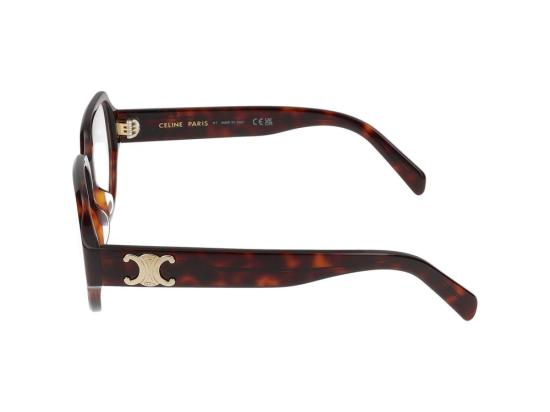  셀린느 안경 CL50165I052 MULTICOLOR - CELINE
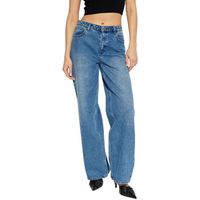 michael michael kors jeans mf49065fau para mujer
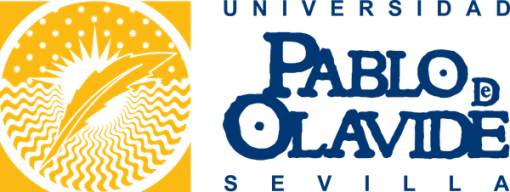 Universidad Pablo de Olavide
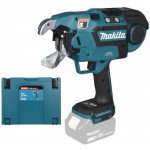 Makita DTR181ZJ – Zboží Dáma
...
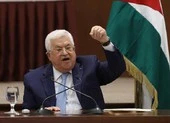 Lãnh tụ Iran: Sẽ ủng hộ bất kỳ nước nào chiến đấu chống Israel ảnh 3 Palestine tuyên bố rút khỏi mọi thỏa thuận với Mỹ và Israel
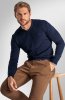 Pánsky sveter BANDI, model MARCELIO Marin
...
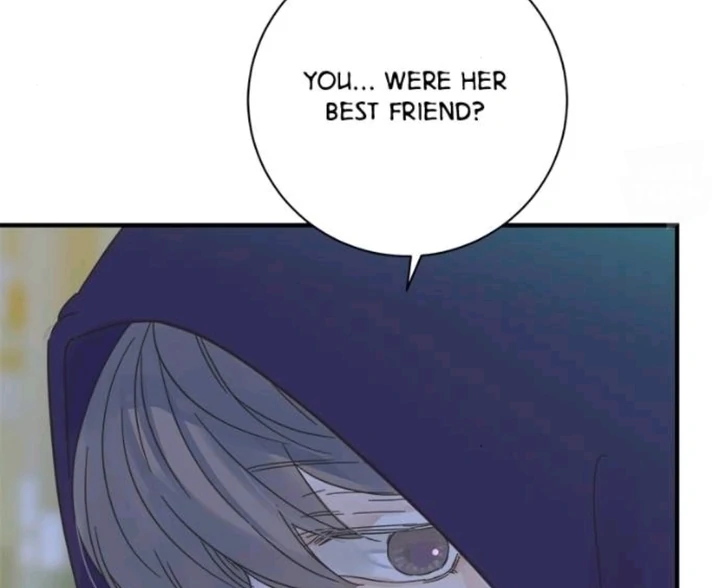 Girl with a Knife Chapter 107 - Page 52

**Work item**
Give back, exactly and without pictures, the stretch of the records above from the line containing "셀린느 안경 CL50165I052 MULTICOLOR - CELINE" through the line containing "Makita DTR181ZJ – Zboží Dáma", with both end lines included.

**Finished exercise**
  셀린느 안경 CL50165I052 MULTICOLOR - CELINE
 michael michael kors jeans mf49065fau para mujer
 Universidad Pablo de Olavide
 Makita DTR181ZJ – Zboží Dáma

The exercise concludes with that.